As the summer of 2025 has been drawing to a close, I ran across some old photos of a summer trip to the Midwest, about twelve years ago, that I would like to share. My wife’s family is from Evansville, Indiana, which is not far from Interstate 64, taking one highway west from where we live in Williamsburg, Virginia to get there. Just a little over halfway to Indiana, about an hour northeast of Lexington, Kentucky, is a little spot off the road called “Cane Ridge,” not too far from the small town of Paris, Kentucky, in horse country.

Most people have never heard of Cane Ridge, Kentucky. The ridge was named by the explorer Daniel Boone, during the early decades of the American republic. But if you are a student of American church history, you should probably know about it, because Cane Ridge, Kentucky was the site of one of the most remarkable events of Christian history.

Sinners gathering on the “anxious bench,” during the American Second Great Awakening, in the early 19th century. The “anxious bench” was the forerunner to the modern “altar call.”  This portrait envisions what the camp meeting at the Cane Ridge Revival might have looked like.

 

The Woodstock of the 19th Century

In 1801, a group of ministers were hoping to host a camp revival meeting in what was then the frontier of the young nation of the United States. The two most prominent figures in the movement were originally a Presbyterian minister, Barton Stone, and later on, a Scottish minister, Alexander Campbell. During the heat of the summer, there was not that much to do while your crops were growing on the frontier before the fall harvest, so the idea of traveling to a camp meeting was a great way to accomplish spiritual and social goals for folks spread out in sparsely populated areas of the Midwest.

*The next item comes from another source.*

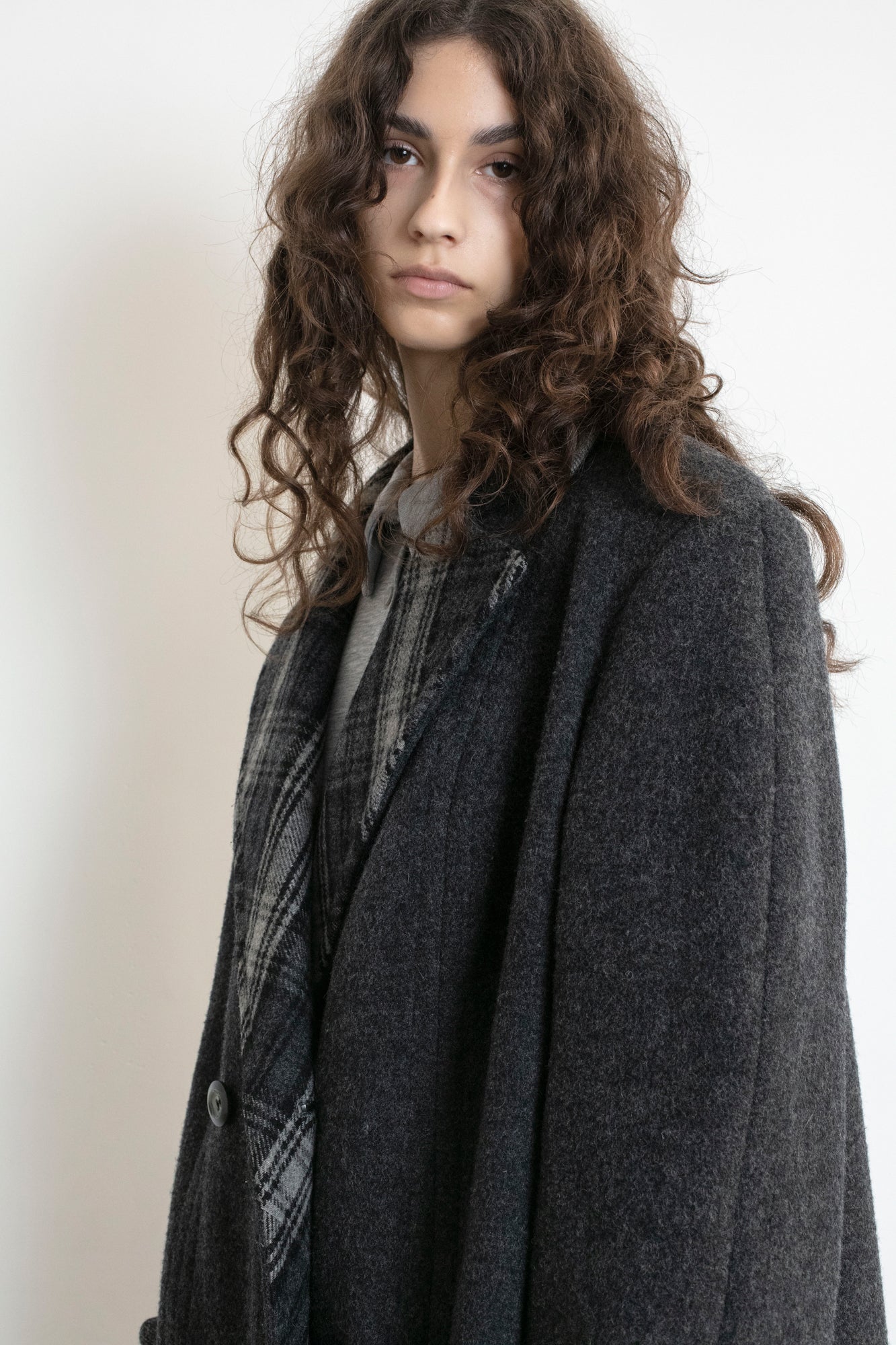 Vintage Plaid Grey Wool Coat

What was unique about the Cane Ridge Revival was the sheer size of the event, for that moment in history, out on the American frontier. Stone and his fellow ministers behind the revival had advertisements for the camp meeting posted in numerous newspapers across the country. Historians estimate that in August, 1801, somewhere between 10,000 to 20,000 people descended upon Cane Ridge. It was the 19th century cultural equivalent of the 1969 music festival, Woodstock, held in New York state, a defining moment for the counterculture movement of the 1960s.

So many people came to the camp meeting that the house used by the little Presbyterian church, which hosted the event, could not be used. Makeshift platforms were made across the various fields surrounding the church building, where singers sang, and most importantly, preachers preached. In front of some of these platforms there was an “anxious bench,” where various sinners could sit when the message being preached pricked their hearts, urging them on to repentance. The “anxious bench” was the forerunner to the “altar calls” held by 20th century preachers, like Billy Graham.

When I met up with the local historian who was on-site, he told me that there were reported manifestations of healings, speaking in tongues, and being “slain in the spirit.” He even told me that some additional, really bizarre stuff was reported, too, like people barking like dogs.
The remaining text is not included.